ONGC-TotalEnergies deal
In March this year, India’s leading oil explorer ONGC signed an MoU with French major TotalEnergies for exploration and deep-water blocks. The MoU seeks to provide technical support to ONGC’s push to explore and reduce greenhouse gas emissions in development of deep-water blocks especially in Mahanadi and Andamans, off India’s eastern coast. Sushma Rawat, ONGC’s Director for Exploration, stated, “We will jointly evaluate exploration and development opportunities to create synergies with local economies.”

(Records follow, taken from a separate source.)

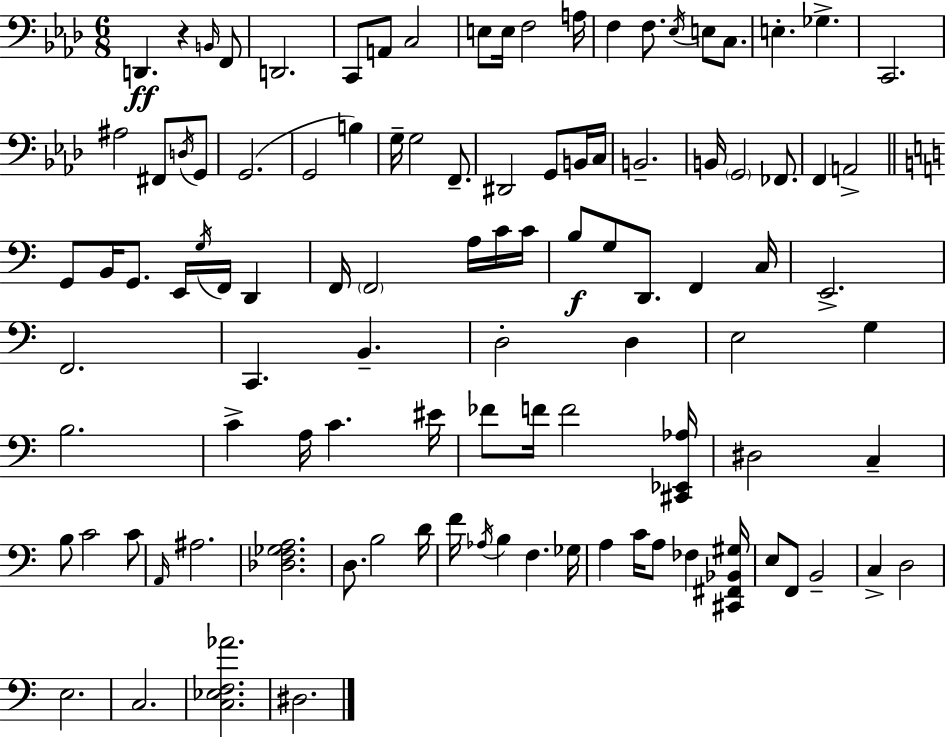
{
  \clef bass
  \numericTimeSignature
  \time 6/8
  \key aes \major
  \repeat volta 2 { d,4.\ff r4 \grace { b,16 } f,8 | d,2. | c,8 a,8 c2 | e8 e16 f2 | \break a16 f4 f8. \acciaccatura { ees16 } e8 c8. | e4.-. ges4.-> | c,2. | ais2 fis,8 | \break \acciaccatura { d16 } g,8 g,2.( | g,2 b4) | g16-- g2 | f,8.-- dis,2 g,8 | \break b,16 c16 b,2.-- | b,16 \parenthesize g,2 | fes,8. f,4 a,2-> | \bar "||" \break \key c \major g,8 b,16 g,8. e,16 \acciaccatura { g16 } f,16 d,4 | f,16 \parenthesize f,2 a16 c'16 | c'16 b8\f g8 d,8. f,4 | c16 e,2.-> | \break f,2. | c,4. b,4.-- | d2-. d4 | e2 g4 | \break b2. | c'4-> a16 c'4. | eis'16 fes'8 f'16 f'2 | <cis, ees, aes>16 dis2 c4-- | \break b8 c'2 c'8 | \grace { a,16 } ais2. | <des f ges a>2. | d8. b2 | \break d'16 f'16 \acciaccatura { aes16 } b4 f4. | ges16 a4 c'16 a8 fes4 | <cis, fis, bes, gis>16 e8 f,8 b,2-- | c4-> d2 | \break e2. | c2. | <c ees f aes'>2. | dis2. | \break } \bar "|."
}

In 2023, ONGC signed heads of agreement with US oil giant Exxon Mobil Corporation (ExxonMobil) for deep-water exploration on the country’s east and west coast. The tie-up with ExxonMobil focuses on the Krishna Godavari (KG) and Cauvery basins in the eastern offshore region and the Kutch-Mumbai region in the western coast. According to resports, ExxonMobil is also looking for buying stake in some of the local deepwater blocks of ONGC.

India’s pact with Guyana
India’s Ministry of Petroleum and Natural Gas signed a Memorandum of Understanding (MoU) to cushion cooperation in the hydrocarbon sector. The move will India’s strategy to diversify its energy sources amid growing domestic demand. Under the agreement, the two countries will collaborate across the entire hydrocarbon value chain. This include the sourcing of crude oil from Guyana, participation of Indian companies in Guyana’s exploration and production sector, and joint efforts in crude oil refining capacity building, and bilateral trade enhancement.

The MoU came into force early this year and will remain valid for five years, subject to automatic renewal, unless terminated with a three-month advance notice by either party. The move is significant from Indian point of view, being India the world’s third-largest energy consumer. The MoU seeks to meet the escalating energy needs in a rapidly growing economy. Guyana, a recent entrant in the global oil production map, has made substantial oil discoveries, adding to its strategic importance in the energy sector.

Guyana has gained significance in the world oil and gas sector becoming the world’s newest oil producer. The new discoveries of 11.2 billion barrels of oil equivalent, amounts 18 percent of total global oil and gas discoveries and 32 percent of discovered oil. According to OPEC World Oil Outlook 2022, Guyana is projected to see a significant ramp up in production, with liquids supply growing from 0.1 million barrels per day in 2021 to 0.9 million barrels per day in 2027.